■ **RECORDED INFORMATION**:

[Start of Attachment]

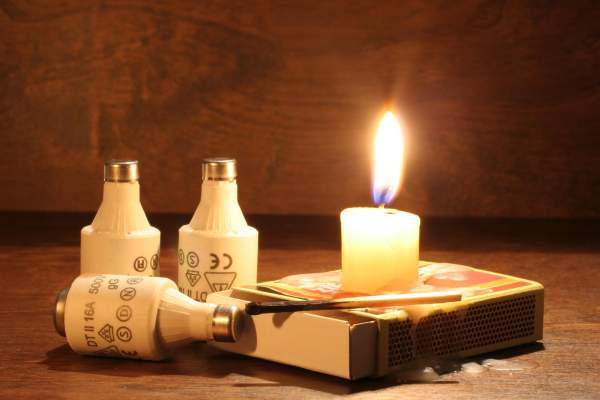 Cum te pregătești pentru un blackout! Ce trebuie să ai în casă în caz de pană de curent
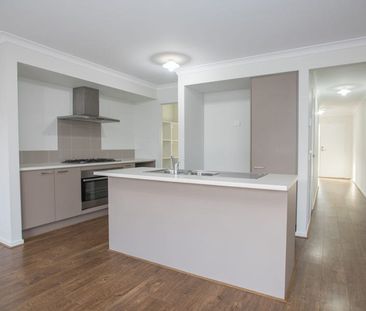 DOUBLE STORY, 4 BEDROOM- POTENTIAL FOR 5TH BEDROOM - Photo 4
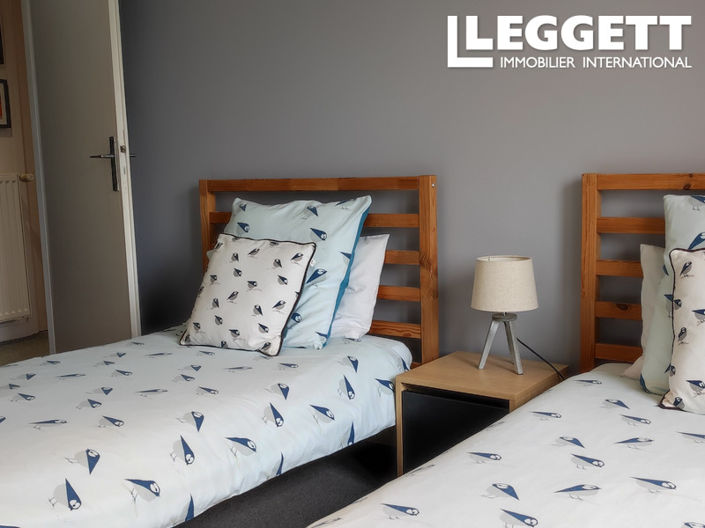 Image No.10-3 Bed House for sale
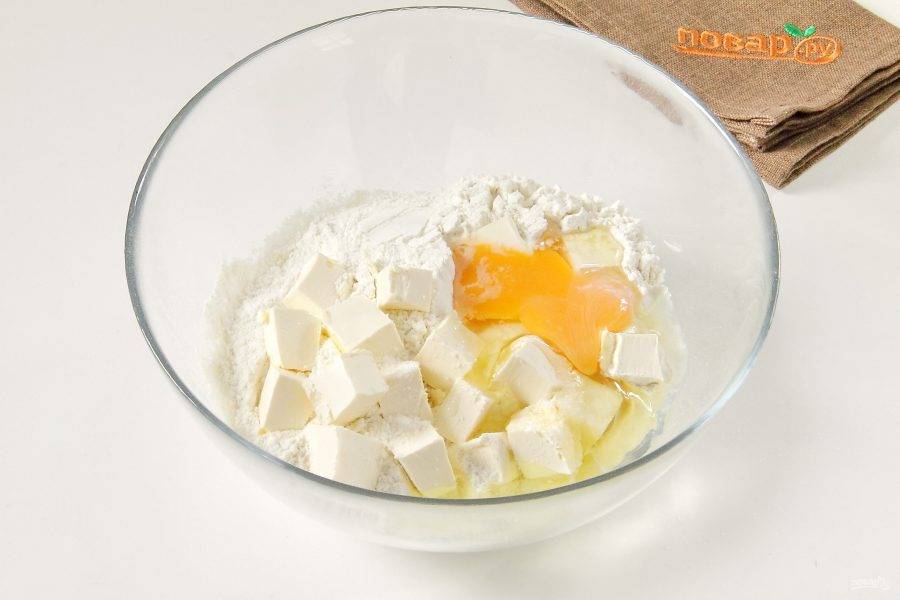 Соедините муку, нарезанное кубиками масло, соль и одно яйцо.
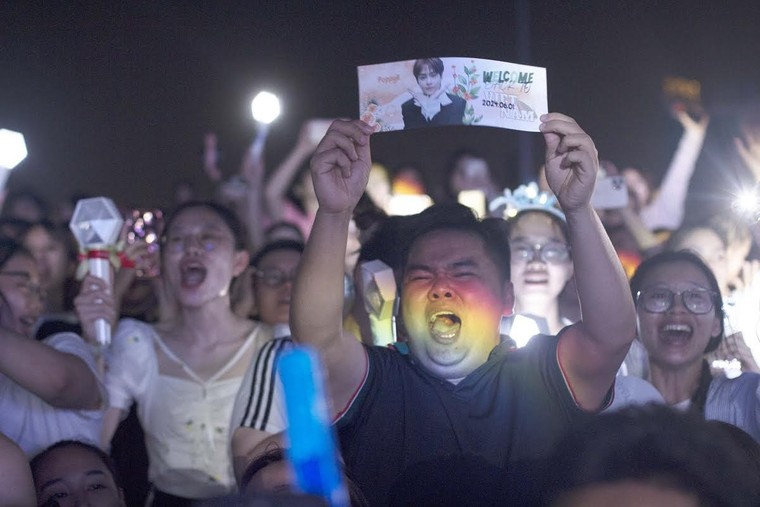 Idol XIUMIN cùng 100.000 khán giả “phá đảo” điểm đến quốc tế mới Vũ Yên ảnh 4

[End of Attachment]
[Start of Attachment]

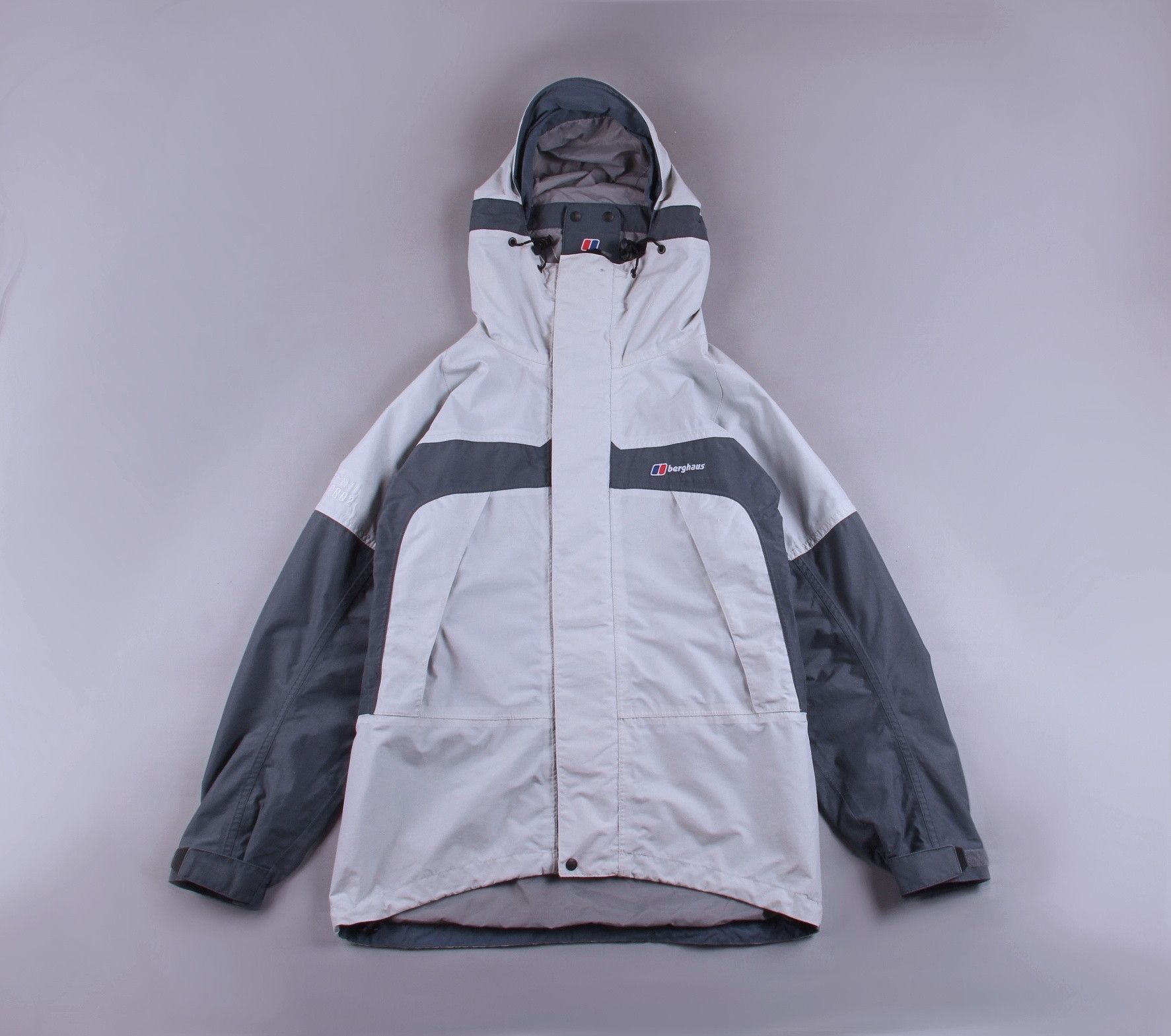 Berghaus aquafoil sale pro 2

[End of Attachment]

■ **TASK TO COMPLETE**:
Exact repeat of the material above: every line from the one with "Cum te pregătești" through the one with "Соедините муку, нарезанное", endpoints included, and nothing more. No pictures.

■ **EXERCISE RESPONSE**:
 Cum te pregătești pentru un blackout! Ce trebuie să ai în casă în caz de pană de curent
 DOUBLE STORY, 4 BEDROOM- POTENTIAL FOR 5TH BEDROOM - Photo 4
 Image No.10-3 Bed House for sale
 Соедините муку, нарезанное кубиками масло, соль и одно яйцо.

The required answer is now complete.